The rise of temporary work suggests that many employers, particularly in private services, do not need to offer secure employment to attract workers. Nor do they need to offer decent wages to the precariously employed.
...
Employment has become more and more polarized as middle-class, middle-skill jobs have been lost to globalization and technological change. At the low end of the job market, there is fierce competition for even insecure and badly paid employment. But even those in more secure, high-skilled jobs are affected.

It seems that more secure jobs are being lost throughout the economy as many of the permanent, full-time positions vacated by retiring baby boomers are replaced by the temporary and contract jobs on offer to new entrants to the work force.
- Josh Bivens offers a reminder that corporate tax giveaways do nothing at all to improve wages for workers.

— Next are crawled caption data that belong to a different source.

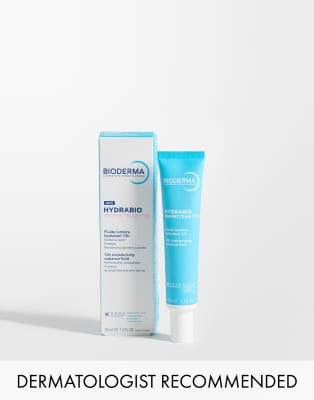 Bioderma Hydrabio Perfecteur Spf30 40Ml 40 Ml - Image 7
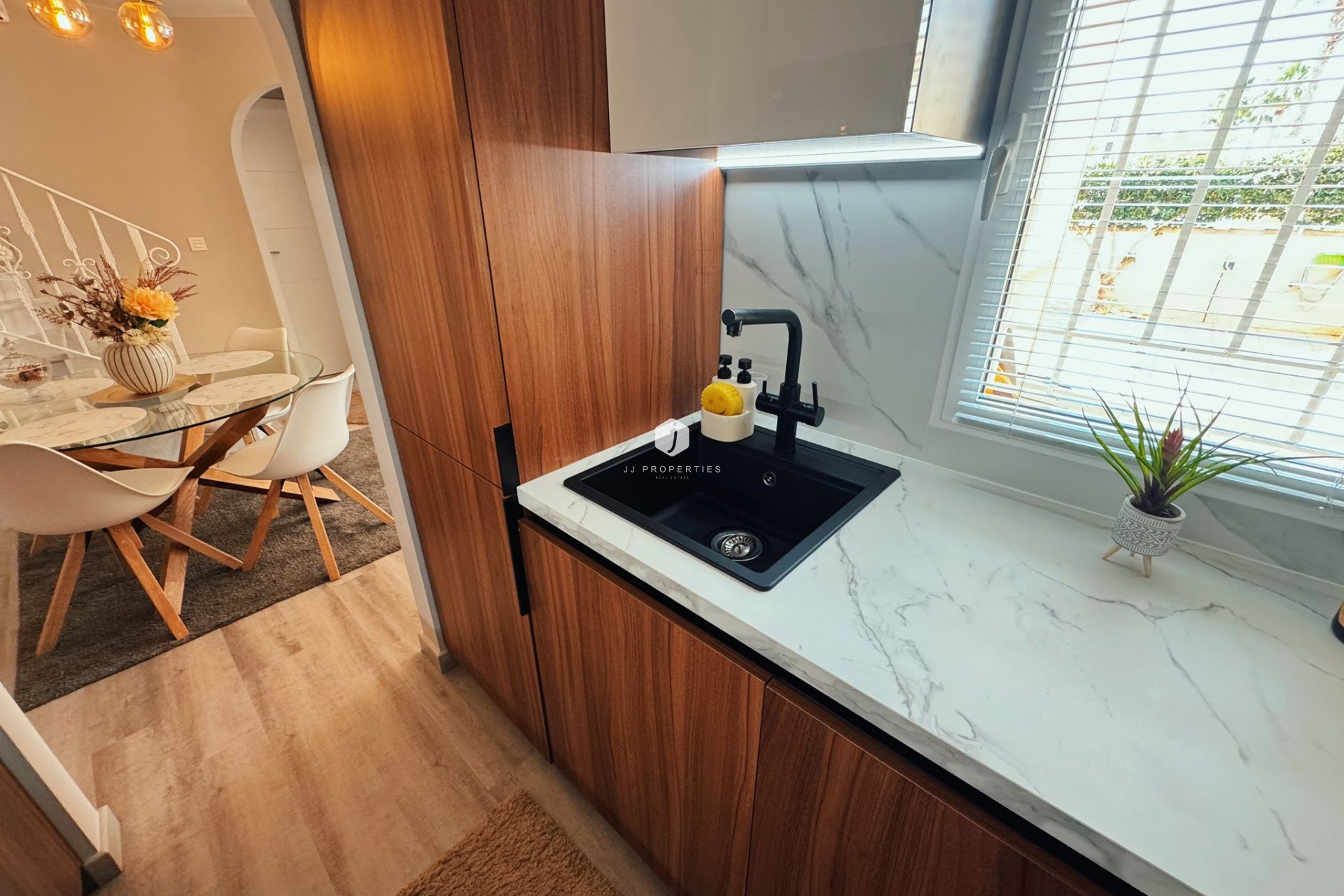 D'occasion - Chalet -
Ciudad Quesada - Costa Blanca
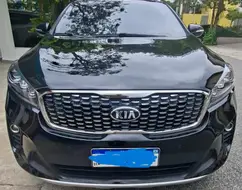 KIA SORENTO 3.5 V6 GASOLINA EX 7L AWD AUTOMATICO KIA SORENTO 3.5 V6 GASOLINA EX 7L AWD AUTOMATICO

And Nouriel Roubini points out that the U.S. Republicans' plan to further enrich the Trump class represents a slap in the face to the 99%, while Jared Bernstein is examining its effects piece by piece.

- Tom Parkin discusses how the Libs' plans on issues ranging from pensions to infrastructure are aimed at enriching the corporate sector at the expense of workers. And Christo Aivalis writes about the golden opportunity for Jagmeet Singh to own the issue of tax fairness, while PressProgress is compiling a growing list of Libs and Cons who have made use of tax havens to avoid paying their fair share.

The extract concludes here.